Like a fairy tale

By Jessika Rauch

Once upon a time, there was a man who dreamt of building a fairy tale park. That man was the Dutch garden designer Albert Willem Ter Braake and the year was 1955. Both the Mayor and the town council of Bettembourg at the time, liked his idea, and so a team was brought together and began to work on it even before the year was out. Fairy tales belong to that part of literature and cinema that over the years and across the generations has simply refused to become unfashionable. Rather, the opposite has happened. And so it was that « Parc Merveilleux » opened its doors in May 1956 and became and remained a much loved part of family life. With its usual 200,000+ visitors every year, the park is a veritable tourist attraction and comes top of the list of favourite sites for visitors from the greater Bettembourg region and beyond.

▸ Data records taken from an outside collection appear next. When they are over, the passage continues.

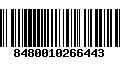 Código de Barras 8480010266443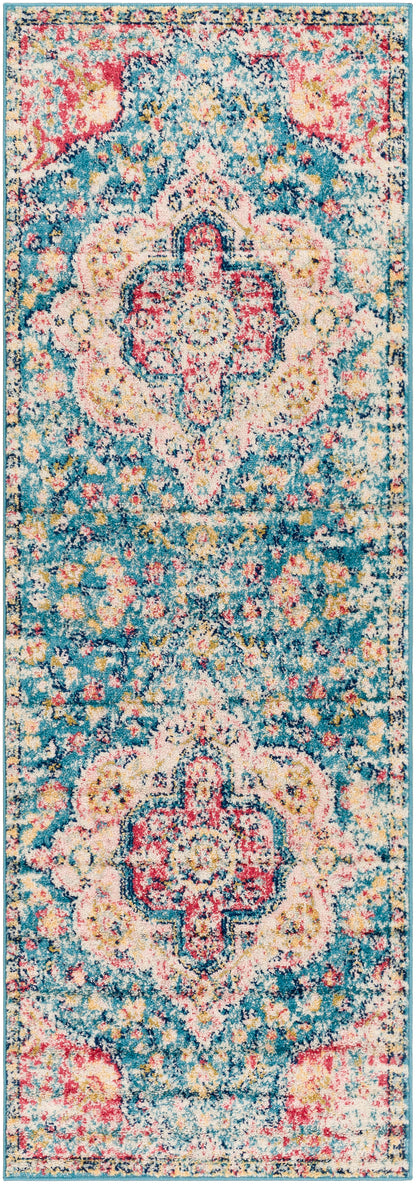 Surya Elaziz Elz-2360 Navy, Sky Blue Area Rug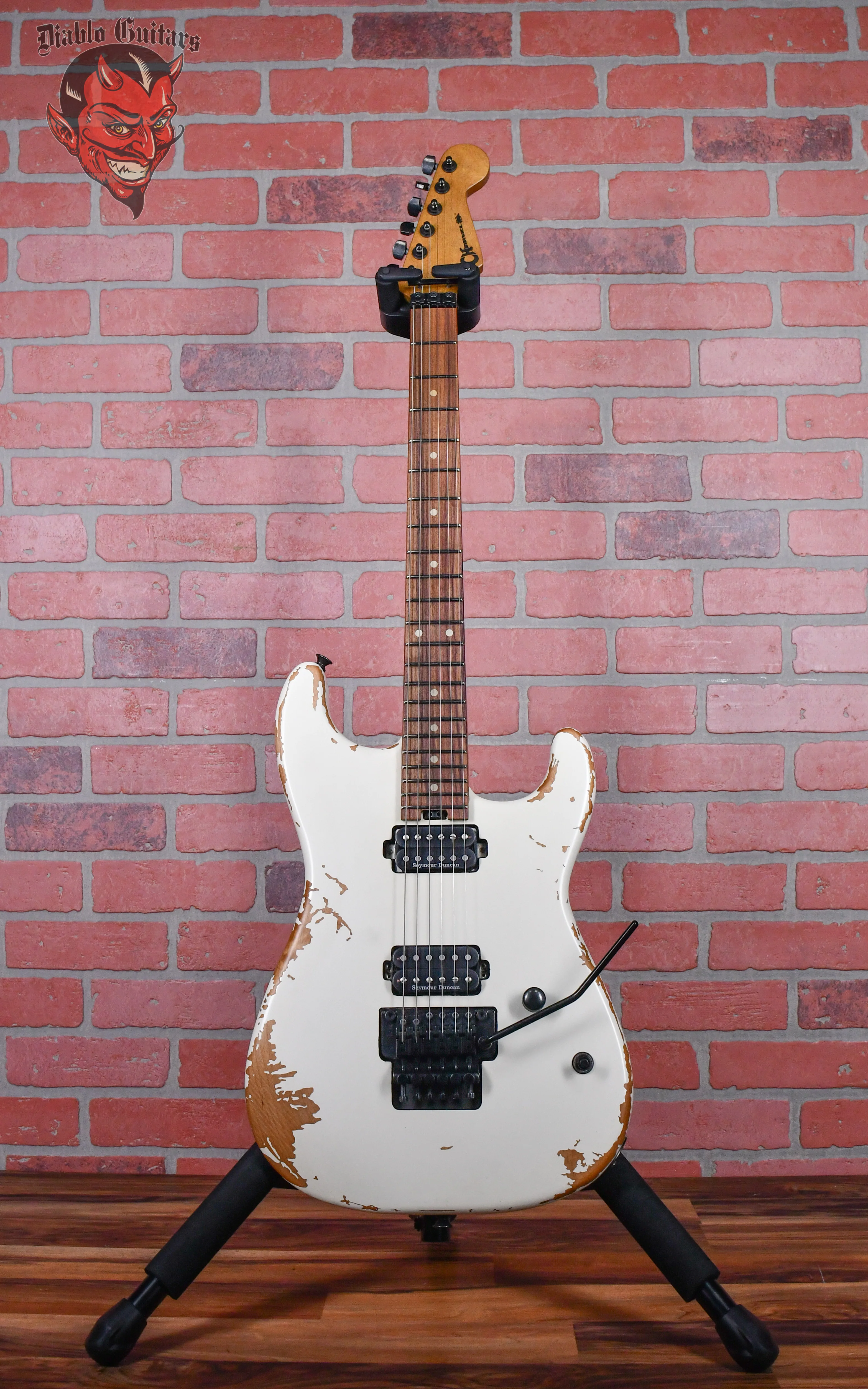 Charvel Pro-Mod Relic San Dimas Style 1 HH FR PF Weathered White 2024 w/Gigbag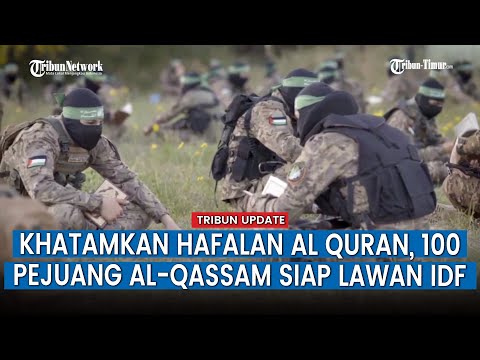 100 Pejuang Brigade Al Qassam Khatamkan Hafalan Al Quran sebelum Terjun Lawan Israel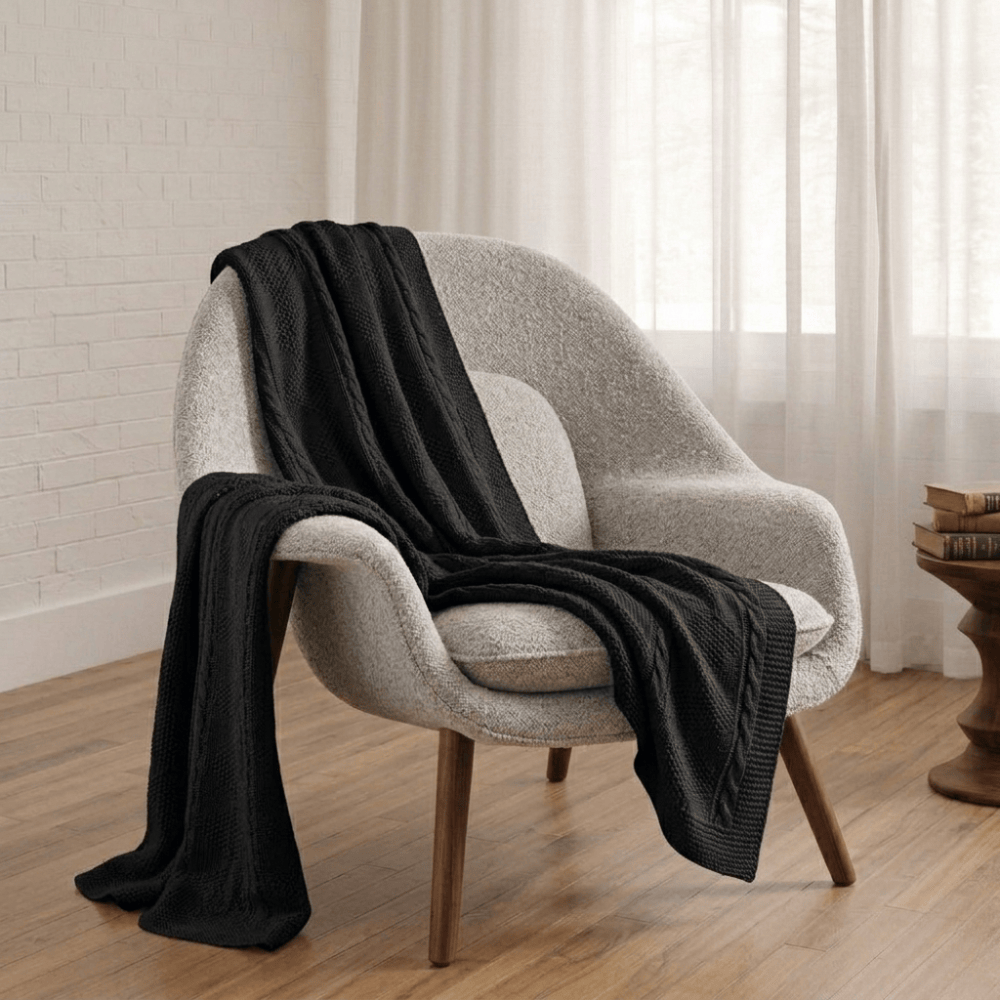 BHD HOME Bedsash Onyx Blanket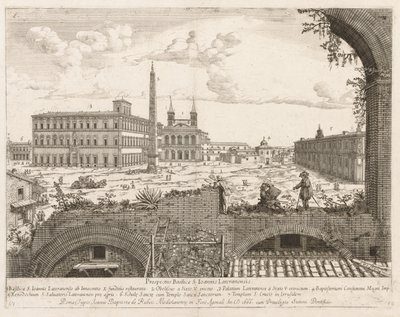 S. Giovanni in Laterano uit "Prospectus Locurum Urbis Romae Insign[ium]" door Lievin Cruyl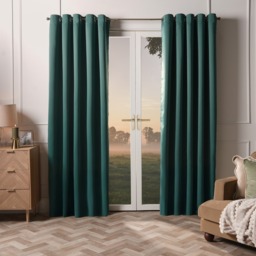"OHS Eyelet Blackout Curtains, Forest Green - 228 x 228cm (90"" x 90"")"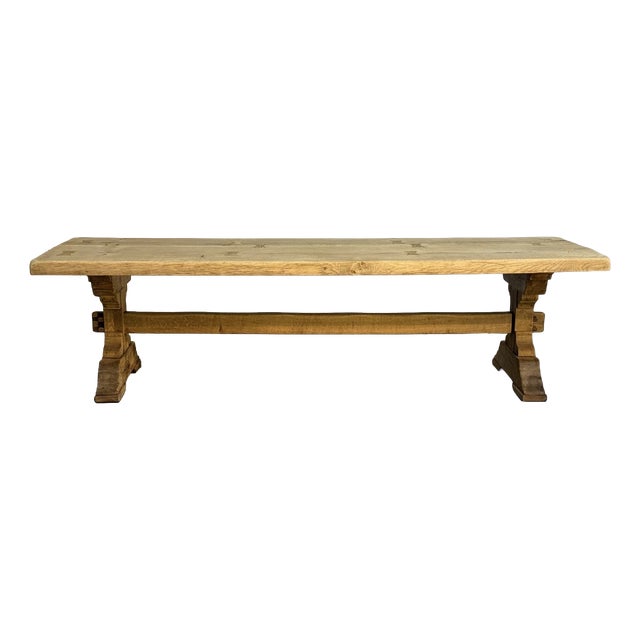 Large French Oak Farmhouse Dining Table, 1920 For Sale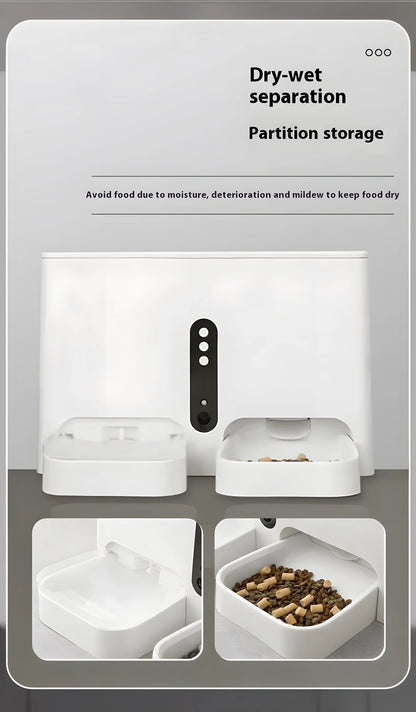 2-in-1 Smart Pet Feeder & Water Fountain – WiFi Camera & App Control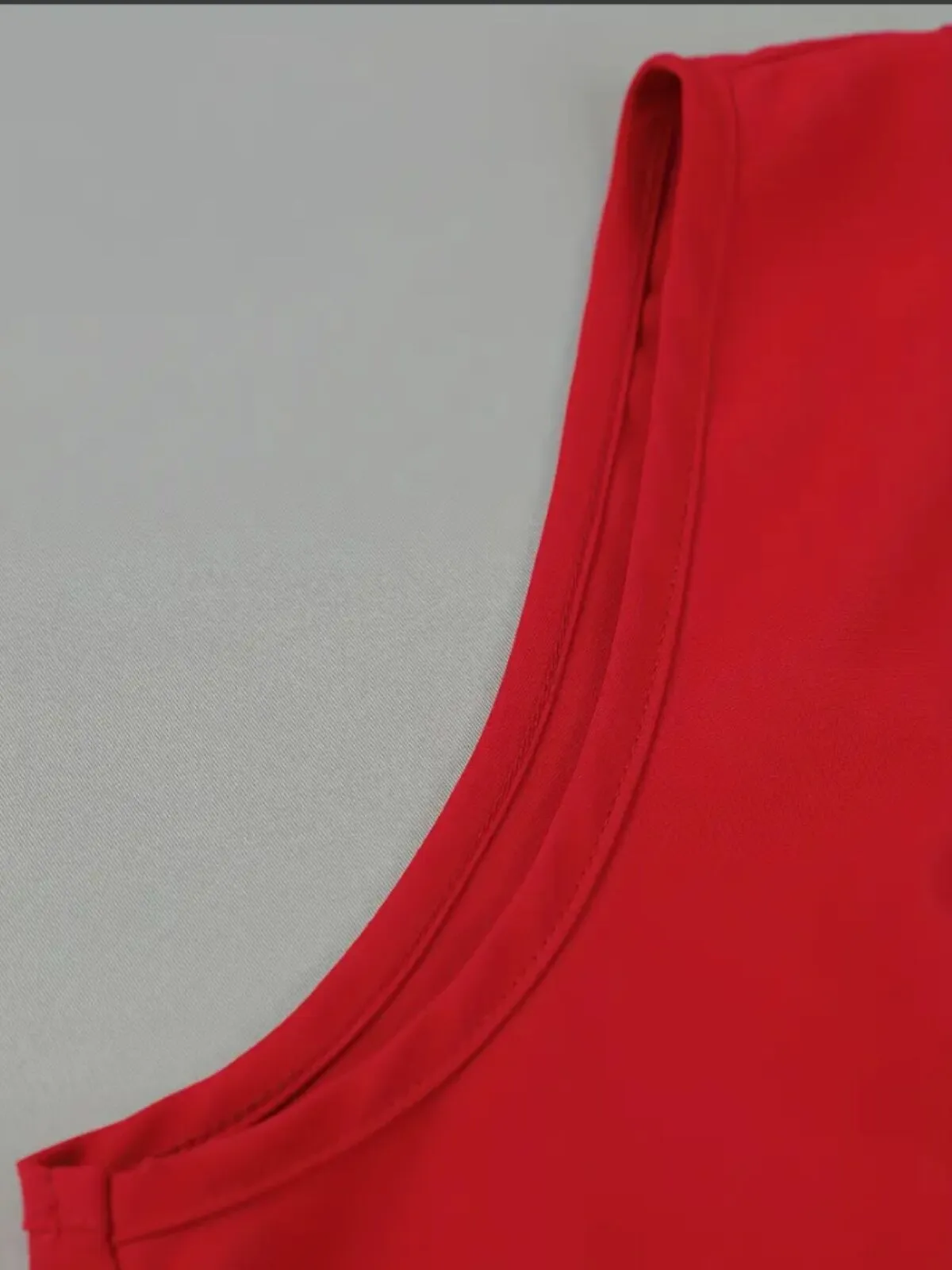 Solid Elegant Party V-neck A-line Dress, 4 of 5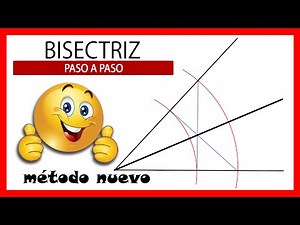 😜 BISECTRIZ de un ángulo paso a paso 👍🏼 Fácil MÉTODO ALTERNATIVO usando el compas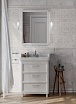 Тумба с раковиной Kerama Marazzi Pompei New 60 см 3 ящика, белый глянцевый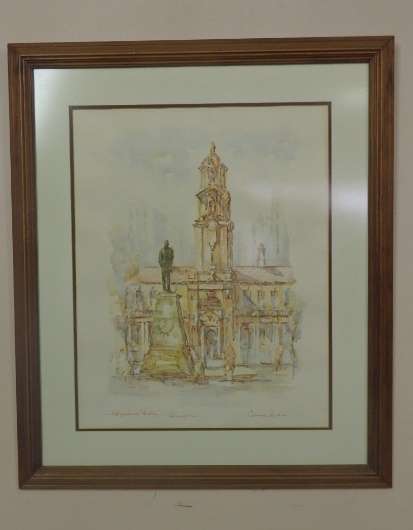 A BEAUTIFUL ORIGINAL WATERCOLOUR PAINTING OF "THE OLD GOVERNMENT BUILDING" BY EDMUND BARTON (3 of 8)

From March until October, they can not only delight in well known fairy tales that are played out in lovingly designed sets, but children can enjoy seeing familiar and exotic animals, ride poneys or play mini golf with their parents. The zoo’s own school offers children and groups, such as school groups, educational workshops where they can learn more about the animals and their environment, whether local or in far away countries. But let our thoughts take us back a few decades.

© Emile Hengen

In August 1963, we received the one millionth visitor. Six years later, that number had already hit 2 million. All through those many years, there were Sunday concerts and an ever growing number of fairy tales. Snow White, Hansel and Gretel, Cinderella were all world famous classics and were soon joined by contemporary tales, such as the Luxemburgish children’s tale about the “Klenge roude léiw” (“The little red lion cub”) by Marco Weiten and Mireille Weiten-de-Waha, which was added in 2009. Red Riding Hood’s home, with its mosaic walls, is just one of the elaborately designed small houses and towers that stage hand made, animated figures in their proper sets. Professional Luxemburgish speakers tell their tales to music in Luxemburgish, German or French so that the visitor can relax while listening. Currently, there are eleven such tales.

© Emile Hengen

But it is not just families from Luxemburg, Germany, France, Belgium and the Netherlands that flock to the park in ever greater numbers, there are also the local established firms that hold their business parties here. Donations and private sponsoring of the more than 2000 animals have made it possible to introduce regular improvements and ensure that this Fairy Tale and Animal Park can overcome difficult times and survive for years to come. Shortly after the economic crisis at the end of the 1990s, the management and the financing model were changed. The A.P.E.M.H Association, which supports people with learning disabilities from all age groups as well as their families, became our main partner and brought new life to the park with the help of its technically skilled and motivated members. This inclusive policy brought the return of economic success. Today, the A.P.E.M.H. is our main shareholder and we receive support from the state and the town. About 170 people work on its 25 ha. of land and in its facilities. This number includes about 35 seasonal workers and students who join for the peak season. Thanks to the social association about a 100 disabled people have joined the workforce and are thus able to make a significant contribution to the management of the “Parc Merveilleux”. Most of them carry out restoration or other building work during the low season, particularly during the winter months.

© Emile Hengen

One of the major improvements was introduced in 2001 when a children’s playground was built. This was followed a year later by the opening of the tropical house that houses an aquarium and a terrarium. The 600m² “Mahajangahaus” with a fully accessible greenhouse, was added in 2009. As part of the Esch European Cultural City of the Year Programme, a number of projects are realized together with the Park and these include the town’s “De Ris geet op d’Rees” (“The Giant goes exploring”) intergenerational and literary project initiated by Bettembourg town and forms the high point of its annual festival “LiteraTour”. Comic writer Lucia Czuga and comic artist Andy Genen address the question where the Giant might be going after all the visitors have left the park. Visitors and residents are invited to submit their suggestions and these become the basis for a comic book. Creative and participatory projects like these make that this beloved travel destination brings joy to loyal regular visitors and new guests alike.